** Task input **
**********
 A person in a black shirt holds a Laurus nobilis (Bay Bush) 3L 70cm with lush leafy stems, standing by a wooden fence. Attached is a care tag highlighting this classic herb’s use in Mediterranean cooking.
**********
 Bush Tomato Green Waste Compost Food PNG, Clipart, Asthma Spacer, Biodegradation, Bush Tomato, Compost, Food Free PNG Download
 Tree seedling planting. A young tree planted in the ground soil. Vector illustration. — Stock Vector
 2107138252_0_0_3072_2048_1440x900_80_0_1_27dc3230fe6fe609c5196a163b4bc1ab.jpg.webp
**********
** Task goal **
Only the lines above starting with the one with "Bush Tomato Green" and going through the one with "Tree seedling planting." are to be copied, word for word and with both ends kept.

** Response area **
 Bush Tomato Green Waste Compost Food PNG, Clipart, Asthma Spacer, Biodegradation, Bush Tomato, Compost, Food Free PNG Download
 Tree seedling planting. A young tree planted in the ground soil. Vector illustration. — Stock Vector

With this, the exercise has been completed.